If induction does become necessary with an unfavorable cervix, your provider would first use cervical ripening methods to soften and thin the cervix before starting contractions. This process can add hours or even a full day to the induction timeline, but it’s routine and well-established. Many women who start induction with a completely closed cervix go on to deliver vaginally without complications.
What Actually Predicts Labor Is Coming
Rather than fixating on a dilation number from an office visit, pay attention to what your body is telling you between appointments. Signs that labor is approaching include regular contractions that get closer together and stronger over time, a bloody or mucus-tinged vaginal discharge (the mucus plug releasing), persistent lower back pain, and increased pelvic pressure as the baby moves down.
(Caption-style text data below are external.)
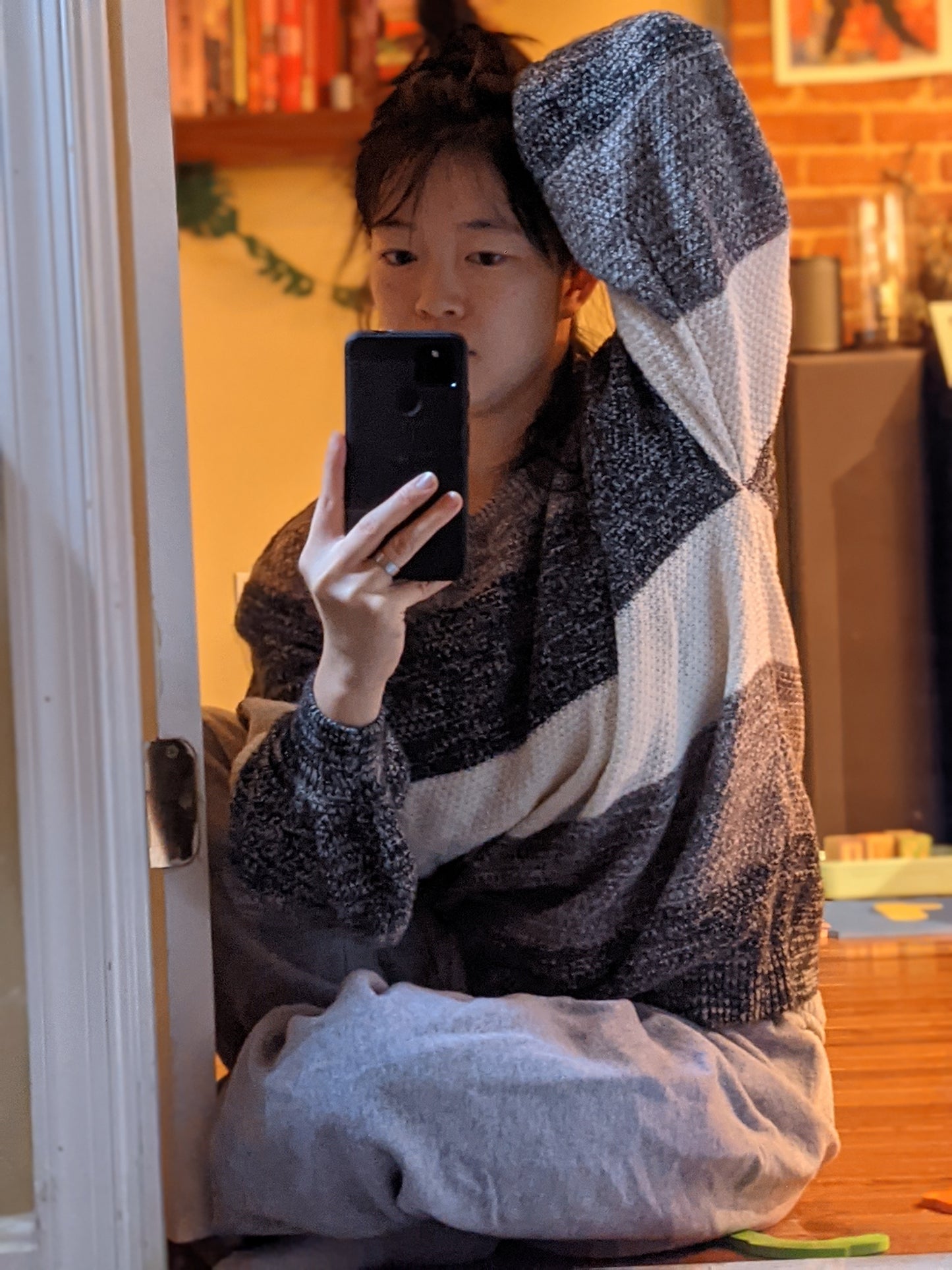 Shades of Grey Color Block Sweater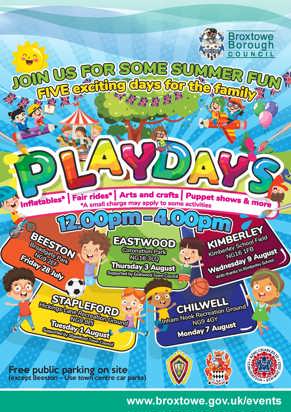 Illustration of children in the summer enjoying playing sports, fair rides, swings and other activities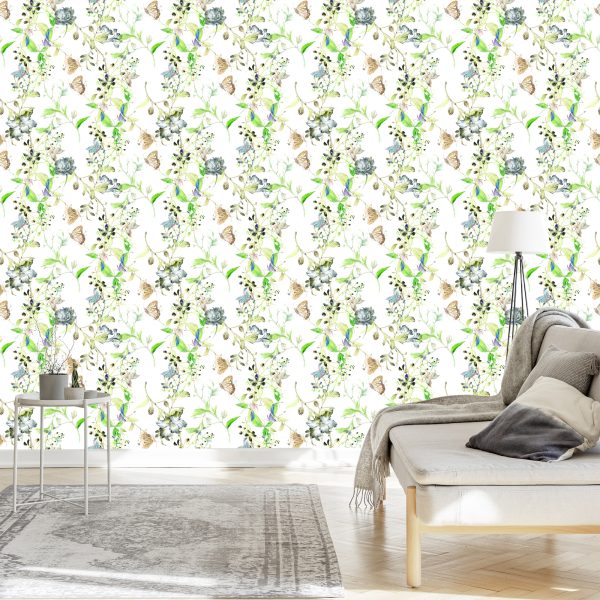 Behang Bloemen Bladeren Aquarel Retro - Afbeelding 3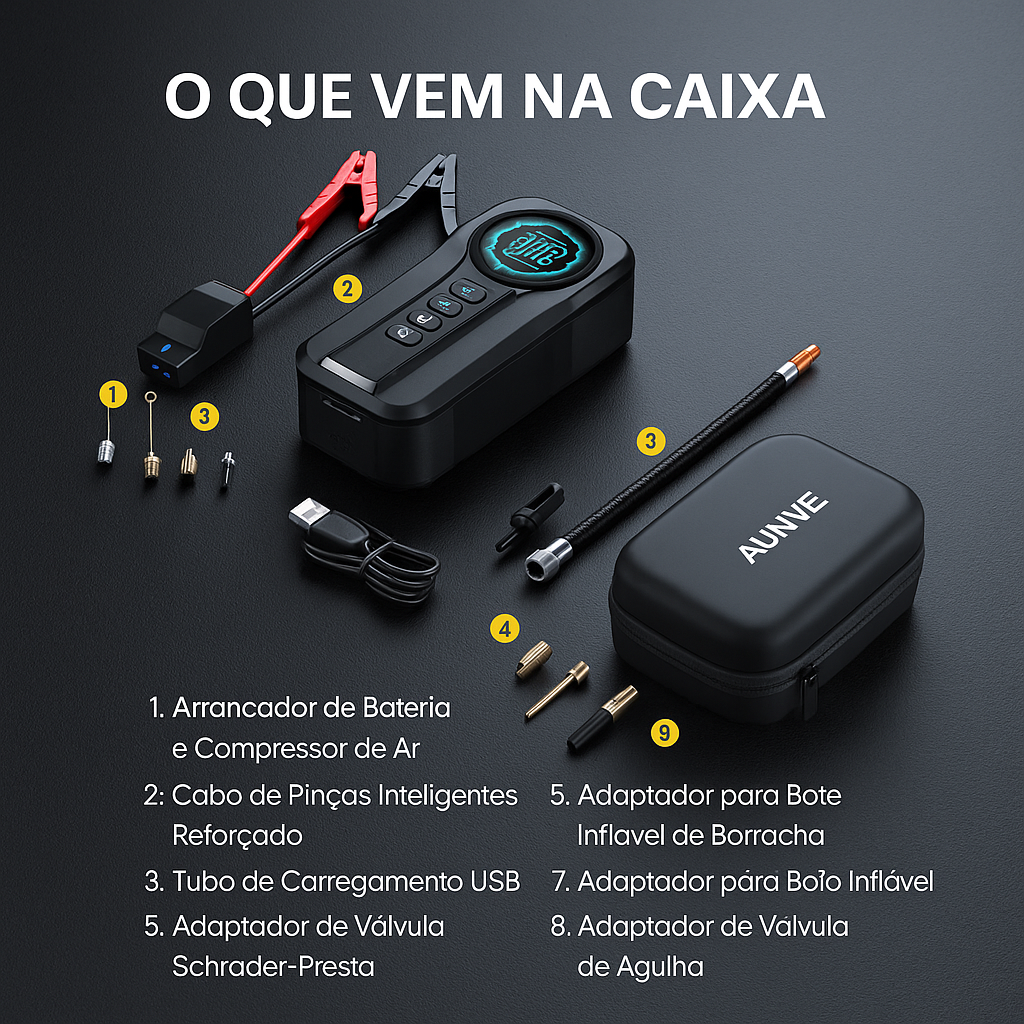 Jumper Portátil Multifuncional para Carro com Compressor de Ar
These symptoms are more reliable indicators than a single cervical measurement taken days or weeks before labor starts.
In the study of first-time mothers at 39 weeks, women with more than 1 centimeter of dilation were about three times more likely to go into spontaneous labor that week compared to those with less than 1 centimeter. But “three times more likely” still meant 40% of the more-dilated group didn’t go into labor that week either. The numbers confirm what most providers will tell you: dilation gives a rough statistical lean, not an answer.